Menurut dia, solusi mencegah Jakarta tenggelam harus mulai dari hulu, yakni menghentikan eksploitasi air bawah tanah Jakarta. ”Beberapa pihak sudah mengungkapkan, Jakarta membutuhkan sumber pasokan air minum lebih baik. Jika itu dilakukan, esktraksi air tanah akan berkurang, proses amblasnya tanah akan berhenti.”

Dia meminta pemerintah Belanda menolong Indonesia mencari solusi masalah Jakarta ini—bukan dengan tanggul laut raksasa maupun pulau-pulau reklamasi.”

Carel de Groot, perwakilan Kedutaan Besar Belanda, juga First Secretary for Water Management mengatakan, terbuka menerima masukan dari semua kepentingan terkait proyek ini.

”Kami sudah membaca hasil penelitian (SOMO). Ini jadi kontribusi yang baik dari permasalahan kompleks. Kami sepakat dengan penulis perlu proses partisipasi terbuka.”

Dia mengatakan, NCICD ini permintaan pemerintah Indonesia kepada Belanda guna mengatasi permasalahan Jakarta, dan pendanaan studi kelayakan oleh Pemerintah Belanda.

Wismana Adi Suryabrata, Deputi Bidang Sarana dan Prasarana Bappenas mengatakan, kajian NCICD terbaru sudah mempertimbangkan beberapa aspek penting yang sebelumnya diabaikan seperti pernurunan muka tanah, pemberhentian penggunaan air tanah dan pencemaran sungai.

”Jadi dari tanggul yang sudah dibangun dilihat, apakah akan mengatasi penurunan muka tanah di Jakarta tidak? Akan kami kaji dan evaluasi bersama,” katanya.

Bappenas sedang mengkaji dokumen NCICD. Dia menargetkan Oktober 2017, kajian selesai.

Bappenas, katanya,  bertugas mengintegrasikan NCICD dengan proyek 17 pulai reklamasi, dari sisi keseimbangan alam, sosial dan ekonomi yang langsung maupun tidak akan berdampak. Pemerintah akan menyiapkan air minum dan sanitasi untuk antisipasi penurunan muka tanah. ”Program darurat ini masalah air minum dan sanitasi, pengendalian banjir dari sisi laut dan darat.”

Pemerintah, katanya, sedang pikirkan soal penurunan permukaan tanah. Saat ini, pasokan air baku hanya 18 meter kubik per detik,  nanti jadi 28 meter kubik per detik sesuai kebutuhan minimal Jakarta. Sumber air itu, katanya, diperoleh dari pemipaan yang sedang dibangun di Waduk Jatiluhur dan Waduk Kariyan.
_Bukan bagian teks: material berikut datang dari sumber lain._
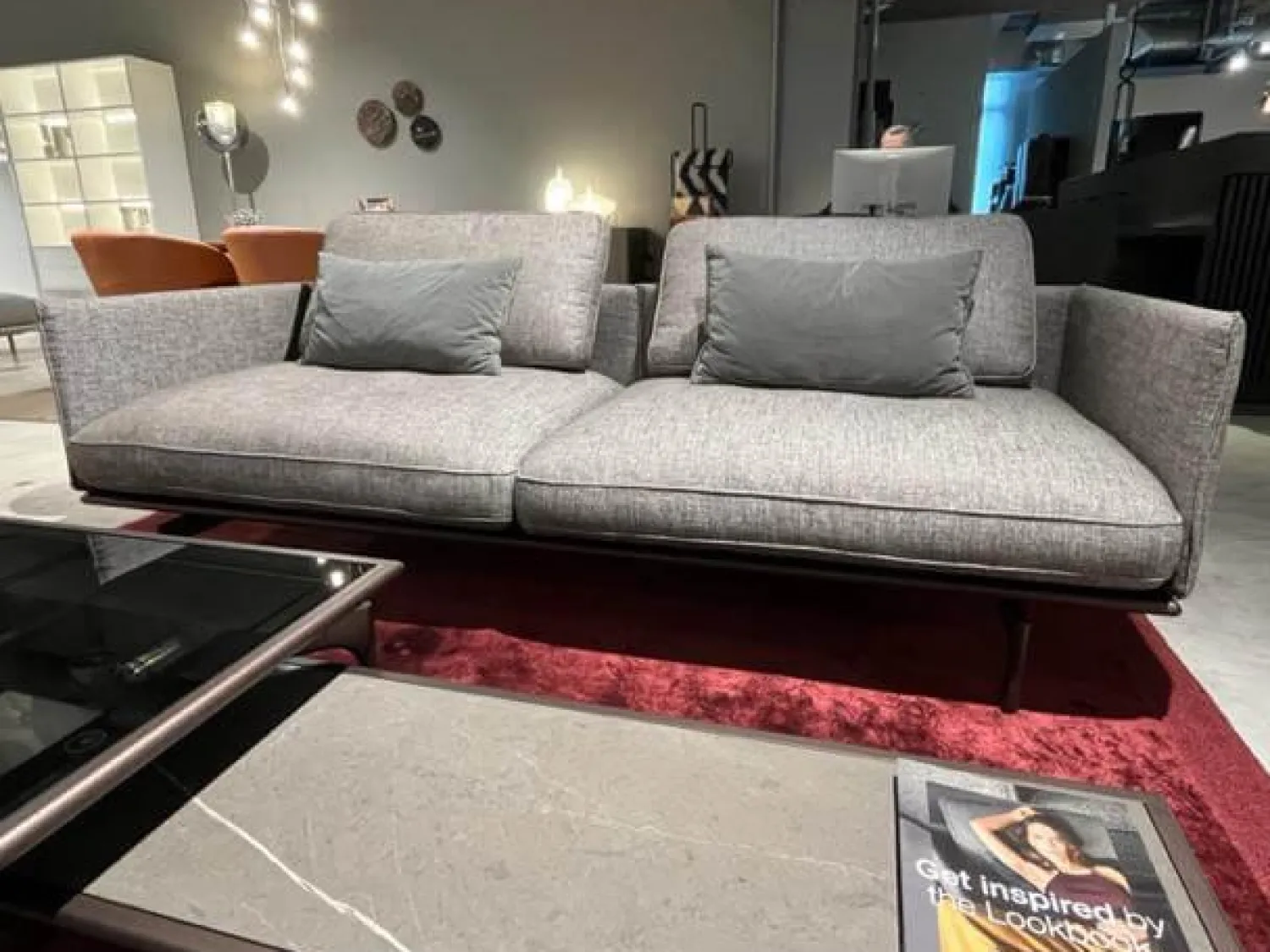 Rolf Benz 2-Sitzer-Sofas|Sofa Liv Stoff 17 Beigegrau Aluminiumgestell Marrone Metallic 4 Kissen 2 Polsterrollen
Brahmantya Satyamurti Poerwadi, Direktorat Jenderal Pengelolaan Ruang Laut KKP menyebutkan, KKP bekerjasama integrasi proyek,  antara pembangunan pelabuhan perikanan kelas Internasional dengan pengembangan NCICD.

Pelabuhan yang diklaim lebih besar dari Tsukji di Jepang ini akan dibangun di Muara Baru.  Adapun peninjauan Kamis lalu itu membicarakan detail teknis integrasi ini. ”Kami minta PUPR mencoba lihat akses ke Muara Baru, terkait IPAL komunal, semua harus dipikirkan.”

 

Nelayan Teluk Jakarta, salah satu yang bakal terdampak kala reklamasi terlaksana. Apakah pemerintah sudah menjamin kehidupan mereka tak akan terganggu kala reklamasi ada? Foto: Sapariah Saturi

 

Ancaman Jakarta sesungguhnya…

Alan Koropitan, mengatakan, , reklamasi dan NCICD justru akan memperburuk Teluk Jakarta Senada ungkapan Muslim Moein, Ahli Teknik Kelautan ITB. Dia bilang, NCICD bukan solusi penurunan muka tanah dan banjir rob Jakarta. Ancaman banjir besar, dari 13 sungai di Jakarta.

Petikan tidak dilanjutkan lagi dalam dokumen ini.